There are several grocery stores in town, a couple of bakeries specializing in pita breads, called pide here, and the lovely small round loaves of soft whole wheat. French baguettes are also popular, and chunks of baguette bread are served in baskets in all the restaurants. In addition, there are a few vegetable/fruit markets where the owners stand outside using  fruit presses to create those delicious drinks. A small glass of orange juice, about 6 ounces, sells for 2 lira ($1 US). Evelien has one of those presses so I used it the other day to process the abundance of pomegranates I had. However, there are juice pomegranates and eating pomegranates. The ones for juice are quite small and fit the press perfectly. Most of the seeds inside pop but the larger ones are too big and half the pomegranate can be wasted. Unfortunately, the bitter white ‘skin’ that separates sections of seeds also gets squashed and adds a disagreeable flavor. The majority of Ortahisar's restaurants are Doner Kapab places where they shave off meat from a spit and serve it in sandwiches or on plates with vegetables. A couple of the restaurants have photos of other dishes, but usually only the soup and three or four dishes are available every day, you have to ask!

The pancake being baked on a large black
griddle, with a wood fire underneath. 
A big employer at the moment is the town government. It is in the process of “remodeling” the Hisar, the castle, the landmark rock formation.
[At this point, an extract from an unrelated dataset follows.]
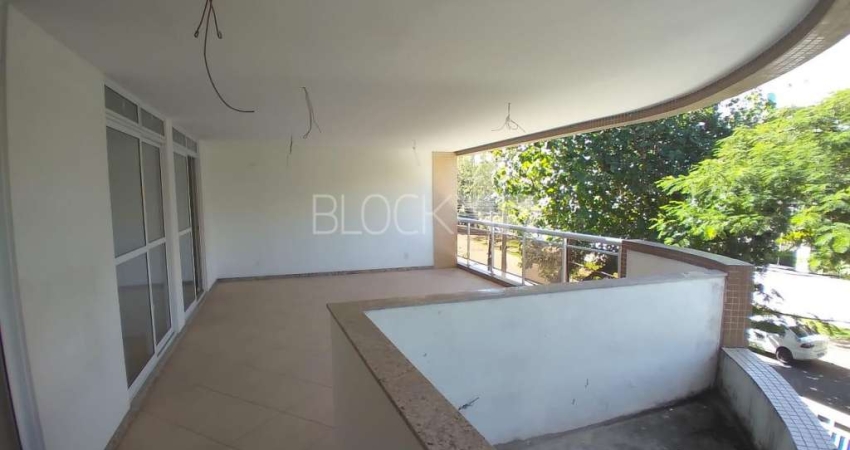 Recreio dos Bandeirantes | Apartamento 3 quartos, sendo 1 suite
Most of the homes on the north and west sides are abandoned, by decree I think, and will eventually make up a museum, thus drawing even more tourists who will have been to the other outdoor museums at Zelve and Goreme where all they saw were ruins. This museum will show homes, as they appeared not so long ago, a more modern version of the troglodyte lifestyle.

Meanwhile, foreigners and a few Turks have been buying up cave homes in need of repair, preparing to create yet more cave hotels. I got online to check prices and was surprised to see many such homes for sale in the area, some for as much as 300,000 Euros. That’s a chunk of change for a building that is in dire need of lots more money just to bring it up to living standards, much less the luxury level provided by many of the cave hotels. I may have to come back in a couple of years just to witness all the changes that will have taken place.

Check out the size of those cabbages!

The gauntlet of shops you must walk through in
order to get from the parking lot to the Goreme
open air museum.

The ruins of a large carved church at Goreme.